Stored data >>
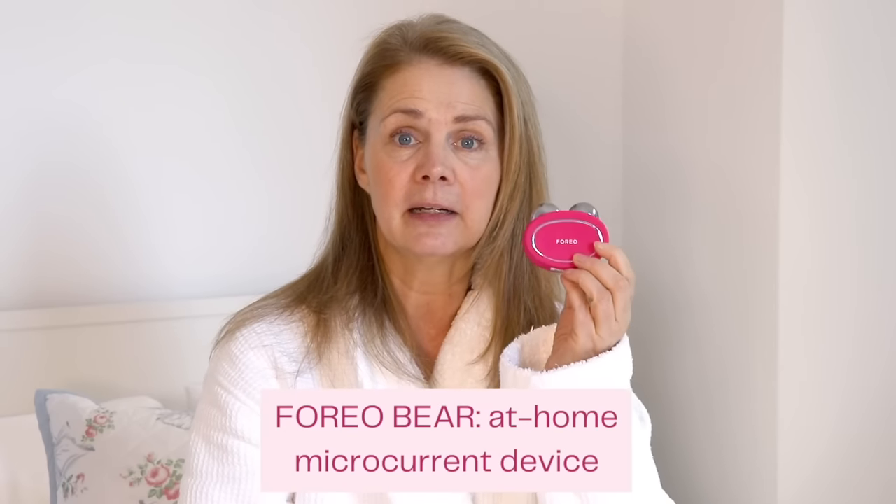Well hello beauties, good morning! I'm just getting out of the shower and I wanted to show you how to use a device that's going to help you with sagging. For me, I don't mind wrinkles — it shows that I've had fun in my life and I've laughed. What bothers me more is my face dropping and sagging. As we age, gravity happens and we start to get that sag around the jawline. Today I'm talking about beauty tools, especially the FOREO Bear device.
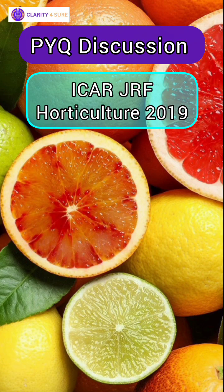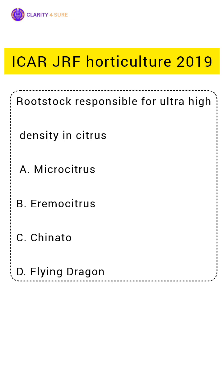Hello students, welcome to PYQ discussion series by AgriClarity. Our today's question is ICAR-JRF Horticulture 2019.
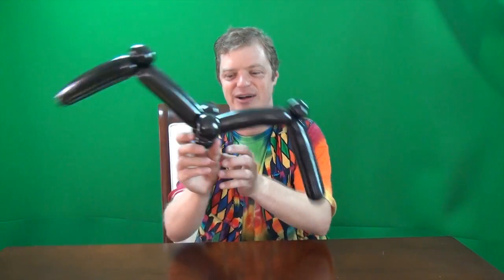Hey everyone, what's up? Today I'm going to show you how to make a creepy crawly black widow spider from a single square sheet of paper.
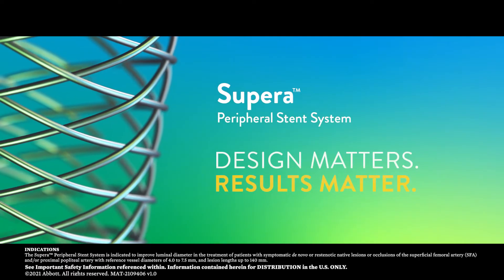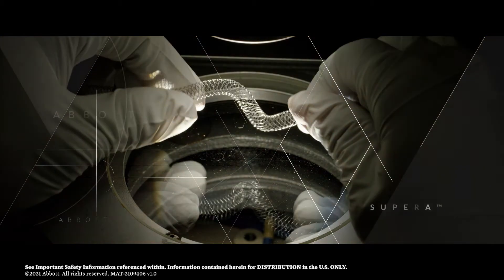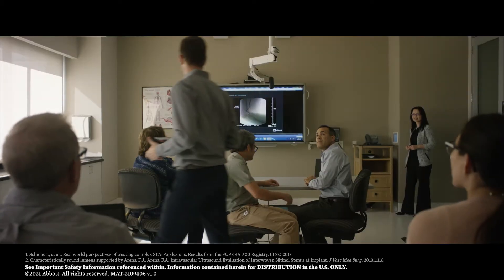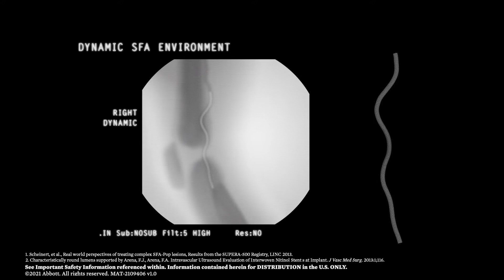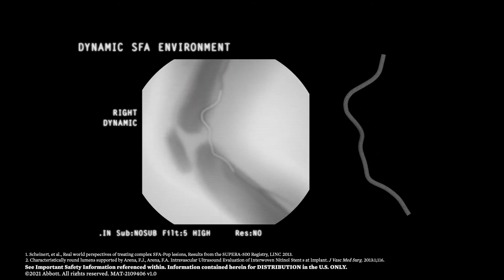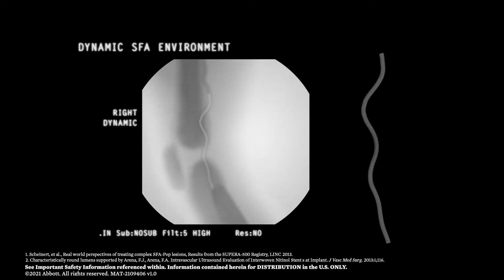In the complex world of peripheral intervention, the Supera Interwoven Stent empowers you to conquer the most complex lesions. Developed through breakthrough engineering, the interwoven nitinol design of Supera supports and mimics the natural structure and movement of the anatomy, which twists, bends, shortens, and compresses.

What you should do >> Working from the listing above, retype it exactly but include no images.

Written answer >>
Well hello beauties, good morning! I'm just getting out of the shower and I wanted to show you how to use a device that's going to help you with sagging. For me, I don't mind wrinkles — it shows that I've had fun in my life and I've laughed. What bothers me more is my face dropping and sagging. As we age, gravity happens and we start to get that sag around the jawline. Today I'm talking about beauty tools, especially the FOREO Bear device.
Hello students, welcome to PYQ discussion series by AgriClarity. Our today's question is ICAR-JRF Horticulture 2019.
Hey everyone, what's up? Today I'm going to show you how to make a creepy crawly black widow spider from a single square sheet of paper.
In the complex world of peripheral intervention, the Supera Interwoven Stent empowers you to conquer the most complex lesions. Developed through breakthrough engineering, the interwoven nitinol design of Supera supports and mimics the natural structure and movement of the anatomy, which twists, bends, shortens, and compresses.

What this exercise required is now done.